BMW i3, Volkswagen e-Golf, Nissan LEAF and Renault ZOE at fast charging station
Autocar released an interesting overview of the pros and cons behind purchasing a used battery electric car - from a UK perspective of course.
Regionally in the country, there is not that many all-electric offerings on the second-hand market, but slowly more and more are now appearing, and with some attractive pricing.
Here are few examples quoted by the outfit:
- Renault Fluence Z.E. £3000
- Renault Twizy £3000
- Renault ZOE £5000
- Nissan LEAF £6000
- BMW i3 £14,000
- Tesla Model S 85 £46,000
(A full model-by-model further breakdown on these examples can be found in the original article at Autocar here)

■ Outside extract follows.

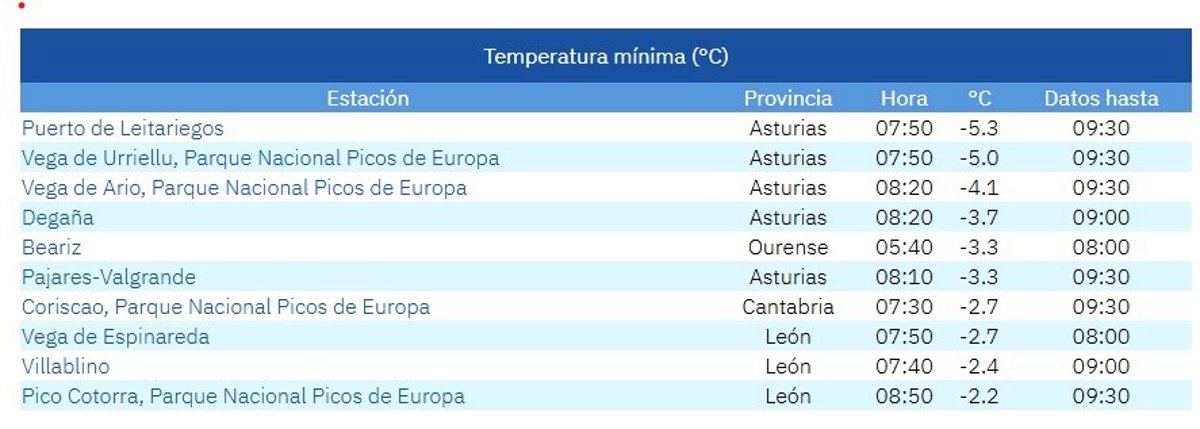 La provincia de León registra tres de las temperaturas más bajas de España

Big pros are noted as a low barrier to entry on the pricing, lower energy costs to operate, no congestion charges, and limited other taxes.
However there are some hazards related directly to BEVs, like the uncertainty of existing battery conditions, and replacement costs of those batteries (that is, if one would be needed in the future of course).
A lot of cars sold by Renault, and sometimes by other manufacturers, are also separated from the batteries, which are leased. It's not obvious whether it pays to lease a battery for older car.
"Buying a car that includes the battery obviously means no monthly rental fees but also no means of easily replacing it. That said, EV battery life appears to be pretty robust, with the earliest Japanese-market Leafs giving up their batteries for a second life to provide electricity storage for the grid, although most UK-sold EVs are too young to have reached that point. When the battery pack does deteriorate to the point that the range is affected, the owner must weigh up whether it’s worth spending a sum greater than the car is worth to replace the battery, or scrapping a car that will otherwise have loads of life left in it, given that electric motors and gearboxes are good for hundreds of thousands of miles.
Check out the Renault Fluence forums, for example, and you’ll find a few owners contemplating the possibility of scrapping their cars rather than renewing the battery pack, because they can’t bring themselves to commit either to an expensive three-year lease or to pay for an entirely new battery for a car that could be worth as little as £2500 despite it having covered far less than 100,000 miles."
However there are also smaller things worth remembering for first time BEV buyers, like the need to purchase a home charging station for faster charging (if there will be none attached with the car).